Quote the entries below from the line with "Namastay Right Here Cut Off Tank" through the line with "Zachte slaapmaskers voor", both ends included, and only those lines.
[[ Given records, beginning ]]
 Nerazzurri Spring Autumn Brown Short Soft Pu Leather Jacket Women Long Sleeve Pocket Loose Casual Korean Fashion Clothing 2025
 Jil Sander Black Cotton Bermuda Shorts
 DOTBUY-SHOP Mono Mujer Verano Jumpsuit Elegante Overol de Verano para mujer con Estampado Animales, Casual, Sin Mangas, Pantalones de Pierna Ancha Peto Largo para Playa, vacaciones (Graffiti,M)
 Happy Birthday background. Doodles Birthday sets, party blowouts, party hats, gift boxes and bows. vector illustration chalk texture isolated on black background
[[ Given records, end ]]
[[ Given records, beginning ]]
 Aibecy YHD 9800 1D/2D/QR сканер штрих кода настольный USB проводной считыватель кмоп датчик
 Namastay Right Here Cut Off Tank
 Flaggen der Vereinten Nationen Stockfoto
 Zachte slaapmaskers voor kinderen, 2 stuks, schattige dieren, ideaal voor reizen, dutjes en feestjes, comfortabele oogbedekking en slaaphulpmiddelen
[[ Given records, end ]]
§ **Output below**
 Namastay Right Here Cut Off Tank
 Flaggen der Vereinten Nationen Stockfoto
 Zachte slaapmaskers voor kinderen, 2 stuks, schattige dieren, ideaal voor reizen, dutjes en feestjes, comfortabele oogbedekking en slaaphulpmiddelen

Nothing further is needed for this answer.